→ **Work instructions**
Leave out the pictures, and reproduce exactly the lines from the line containing "Women's Y2K Vintage" through the final line of the entries.

→ **Data excerpts**
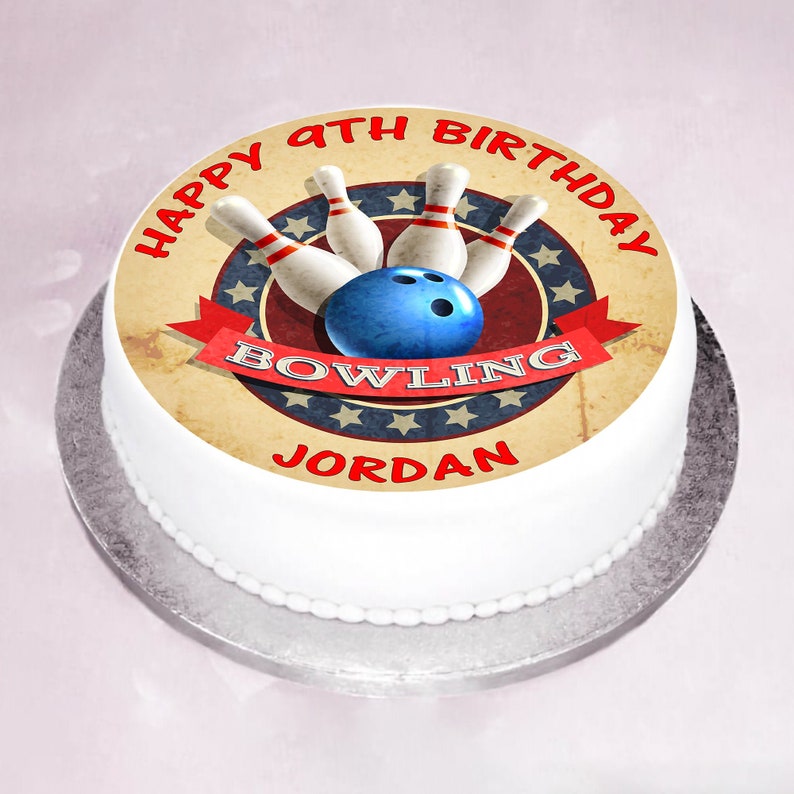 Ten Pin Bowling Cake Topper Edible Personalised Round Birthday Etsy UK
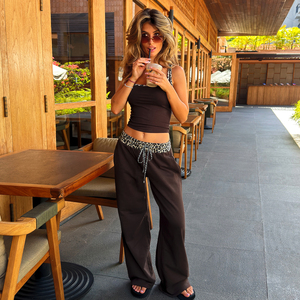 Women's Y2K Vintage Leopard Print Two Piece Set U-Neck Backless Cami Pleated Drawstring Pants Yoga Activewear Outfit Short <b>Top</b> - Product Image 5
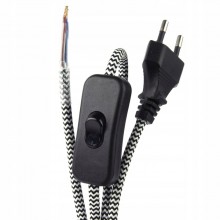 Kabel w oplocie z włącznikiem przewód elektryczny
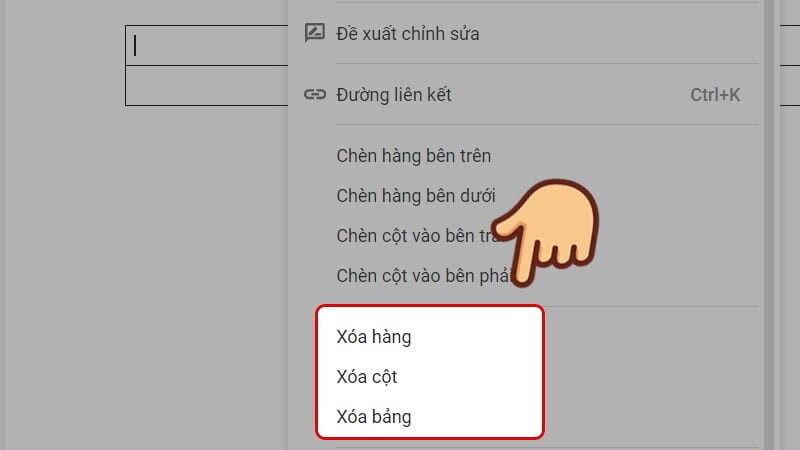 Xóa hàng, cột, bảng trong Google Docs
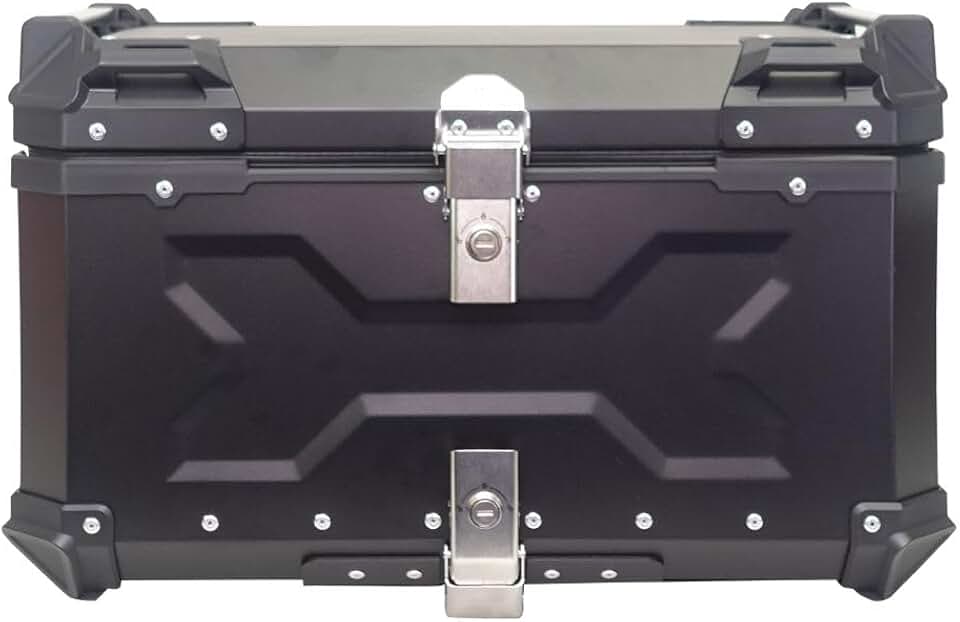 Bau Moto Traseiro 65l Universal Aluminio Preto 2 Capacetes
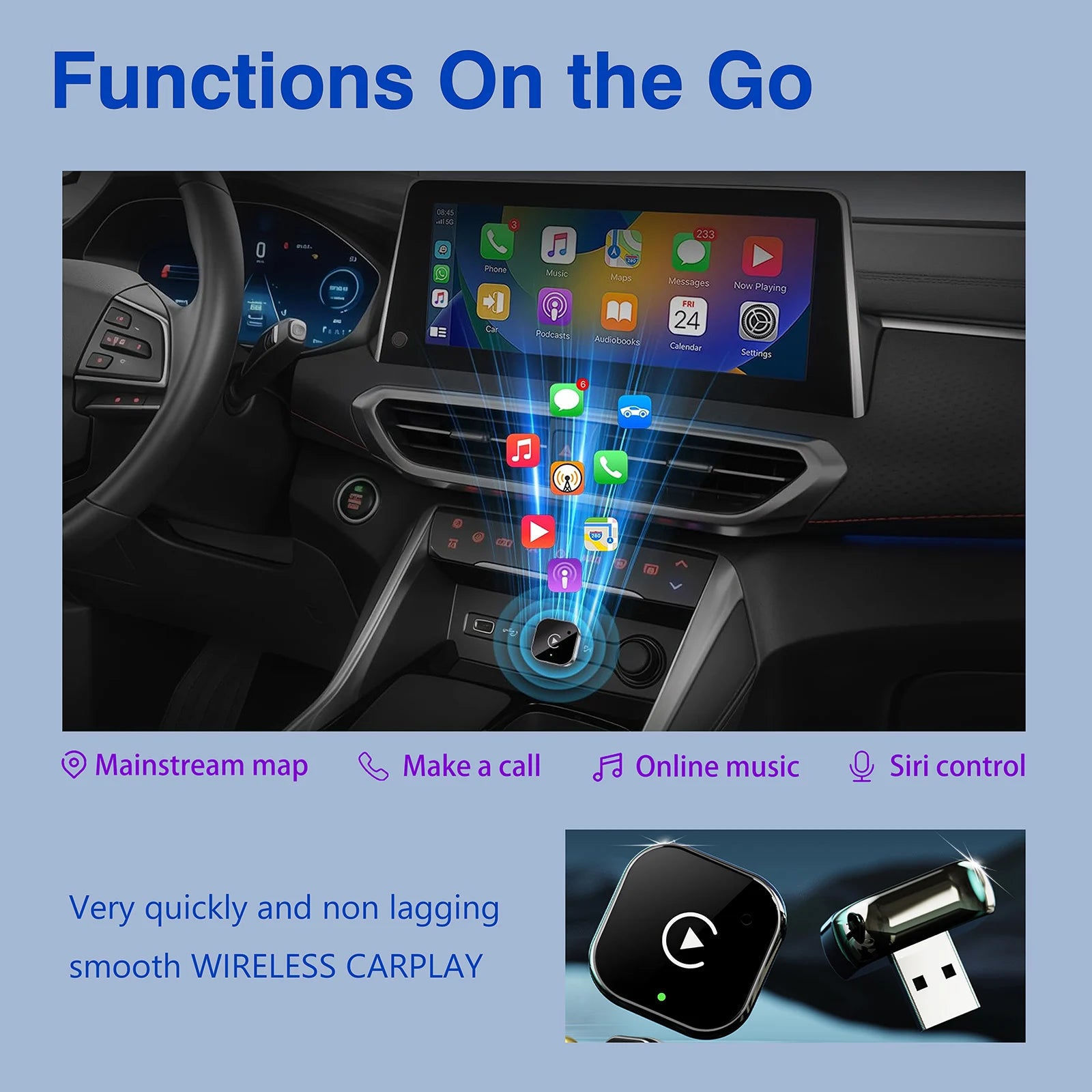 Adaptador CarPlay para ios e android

→ **Final answer**
 Women's Y2K Vintage Leopard Print Two Piece Set U-Neck Backless Cami Pleated Drawstring Pants Yoga Activewear Outfit Short <b>Top</b> - Product Image 5
 Kabel w oplocie z włącznikiem przewód elektryczny
 Xóa hàng, cột, bảng trong Google Docs
 Bau Moto Traseiro 65l Universal Aluminio Preto 2 Capacetes
 Adaptador CarPlay para ios e android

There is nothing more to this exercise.